Blake Denton: Yes. Thanks for the question, Eddie. This is Blake. I think we’ve got varying asset classes that roll over here in fourth quarter and first quarter of next year. And so you’ll see very varied rates associated with those. All of them will be consistent with market for each of their asset classes. You’ve got the 7G that you referenced, those day rates. And then you’ve got the globe charters and the rigs, our DP plus more semis that are — they’re kind of just a step behind the 7G in terms of marketability. And you’ve seen the rates trail a little bit on that asset class. And I think what we see is we reprice something consistent with what we’ve seen in the past.

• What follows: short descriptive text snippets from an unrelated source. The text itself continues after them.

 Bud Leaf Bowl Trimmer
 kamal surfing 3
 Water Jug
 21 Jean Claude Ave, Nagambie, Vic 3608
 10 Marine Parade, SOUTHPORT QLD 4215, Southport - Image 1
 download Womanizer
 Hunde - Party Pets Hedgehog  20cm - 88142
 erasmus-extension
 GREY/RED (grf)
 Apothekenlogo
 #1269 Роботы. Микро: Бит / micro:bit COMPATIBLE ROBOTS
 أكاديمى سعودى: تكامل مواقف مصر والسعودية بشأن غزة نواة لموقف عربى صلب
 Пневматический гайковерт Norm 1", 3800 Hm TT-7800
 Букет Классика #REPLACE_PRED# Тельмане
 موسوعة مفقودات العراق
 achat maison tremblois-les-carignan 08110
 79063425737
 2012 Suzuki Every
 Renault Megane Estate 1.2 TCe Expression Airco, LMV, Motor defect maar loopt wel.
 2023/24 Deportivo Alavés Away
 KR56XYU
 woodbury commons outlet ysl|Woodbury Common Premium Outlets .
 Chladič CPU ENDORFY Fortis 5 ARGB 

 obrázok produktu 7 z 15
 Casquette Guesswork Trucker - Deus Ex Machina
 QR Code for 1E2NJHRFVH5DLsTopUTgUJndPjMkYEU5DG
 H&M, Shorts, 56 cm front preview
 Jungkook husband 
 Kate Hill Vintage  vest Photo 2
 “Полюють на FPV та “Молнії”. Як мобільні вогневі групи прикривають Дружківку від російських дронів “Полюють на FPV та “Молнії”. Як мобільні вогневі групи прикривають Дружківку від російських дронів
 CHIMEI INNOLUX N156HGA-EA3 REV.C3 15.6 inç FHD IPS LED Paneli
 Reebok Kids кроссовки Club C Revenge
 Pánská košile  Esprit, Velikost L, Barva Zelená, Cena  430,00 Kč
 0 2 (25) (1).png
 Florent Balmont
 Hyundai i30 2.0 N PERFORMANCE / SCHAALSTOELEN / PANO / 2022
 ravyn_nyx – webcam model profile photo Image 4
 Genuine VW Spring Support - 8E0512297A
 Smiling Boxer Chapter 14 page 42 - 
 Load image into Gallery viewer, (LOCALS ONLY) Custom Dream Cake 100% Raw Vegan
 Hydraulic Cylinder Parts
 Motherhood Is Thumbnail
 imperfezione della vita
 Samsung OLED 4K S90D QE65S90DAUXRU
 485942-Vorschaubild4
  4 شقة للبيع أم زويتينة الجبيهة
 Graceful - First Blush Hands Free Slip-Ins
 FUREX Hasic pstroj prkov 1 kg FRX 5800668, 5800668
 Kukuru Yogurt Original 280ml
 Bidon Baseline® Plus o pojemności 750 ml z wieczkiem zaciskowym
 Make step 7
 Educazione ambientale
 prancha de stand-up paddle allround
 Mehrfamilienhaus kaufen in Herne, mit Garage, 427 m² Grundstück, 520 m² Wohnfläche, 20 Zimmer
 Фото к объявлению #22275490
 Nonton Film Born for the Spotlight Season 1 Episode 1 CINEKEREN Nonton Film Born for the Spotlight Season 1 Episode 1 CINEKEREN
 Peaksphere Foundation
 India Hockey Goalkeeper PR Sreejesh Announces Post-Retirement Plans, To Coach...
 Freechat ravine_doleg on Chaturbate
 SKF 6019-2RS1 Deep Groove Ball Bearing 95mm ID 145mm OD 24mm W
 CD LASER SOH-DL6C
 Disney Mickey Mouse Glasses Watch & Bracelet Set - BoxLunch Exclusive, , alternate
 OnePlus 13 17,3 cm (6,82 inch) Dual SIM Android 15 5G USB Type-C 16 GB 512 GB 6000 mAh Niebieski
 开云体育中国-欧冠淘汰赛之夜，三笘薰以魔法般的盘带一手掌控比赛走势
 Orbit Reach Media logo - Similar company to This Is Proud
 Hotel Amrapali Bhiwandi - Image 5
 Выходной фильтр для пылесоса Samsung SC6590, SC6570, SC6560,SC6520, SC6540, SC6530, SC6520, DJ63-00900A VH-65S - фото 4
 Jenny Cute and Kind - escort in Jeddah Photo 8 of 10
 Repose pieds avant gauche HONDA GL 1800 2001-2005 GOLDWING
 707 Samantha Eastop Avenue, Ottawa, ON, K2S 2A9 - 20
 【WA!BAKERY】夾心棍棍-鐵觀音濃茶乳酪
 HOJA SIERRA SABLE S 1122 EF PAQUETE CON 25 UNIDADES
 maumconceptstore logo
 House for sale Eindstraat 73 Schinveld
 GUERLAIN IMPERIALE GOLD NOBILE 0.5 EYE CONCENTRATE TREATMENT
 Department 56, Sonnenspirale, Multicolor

Eddie Kim: And just shifting gears to reactivations. One of your peers yesterday highlighted the attractive economics for one of the rigs they’re reactivating. So just in that context, do you think it’s likely that we’ll see the Meltem reactivated sometime this year and for the Suroco, I believe it’s slightly lower spec than the Meltem, but are you currently bidding this rig into work as well or holding off on this until you’re able to secure attractive contracts for the Meltem?
Robert Eifler: Yes, I can take that one. The Meltem will go to rig to work, excuse me, before the Suroco. We’re not marketing the Suroco right now. We are marketing the Meltem — to your question about timing, we’re not going to — we’re unlikely to kick off a full reactivation here this year. Could we secure a contract that works for us this year? Yes, it’s definitely possible. And then most of that work would be completed during 2024. And then if I were going to just put a percentage to it between finding that contract this year or early next year, I’d call it 50-50 right now.
Eddie Kim: Okay. Got it. And just the reactivation expense you quoted for the $125 million. Is that just the cost to reactivate the rig? Or does that encompass kind of an all-in cost, including spare parts and adding the crew and getting the rig fully ready to work?
Robert Eifler: That’s a fully ready to work, everything, including expenses. So that includes shipyard costs, crews includes our own rig crews, that’s everything.
Operator: [Operator Instructions] And our next question comes from the line of Greg Lewis.
Greg Lewis: And I did just want to follow up on that last comment since you were getting pretty granular, Robert. Does that include mobilization to site?
Robert Eifler: No. The $125 million no, doesn’t include mobilization.
Greg Lewis: Thank you for the color around the capital allocation dividend. I was hoping realizing that it’s always a Board decision, but I was kind of wondering if you could provide at least your kind of high-level thoughts as you think about the dividend, clearly, offshore drilling rates are cyclical. — gating Noble has the benefit of not really having a very strong balance sheet. So any kind of view you have, Robert, around the ability to kind of push the dividend higher through the cycle as opposed to maybe what is the sustainable dividend in kind of more — and I would argue we’re normalized, but as you think about day rates and sustainability of dividend. I mean, just given where the balance sheet is, it seems like we could have a sustainable dividend at these levels even in a much lower day rate environment, not that we’re going there anytime soon.
But just kind of curious at least how you’re thinking about the dividend, realizing that the next 2 or 3 years should really just see cash flow and earnings go higher. But on the back of that, do you ever really get full credit for it when people start asking about sustainability.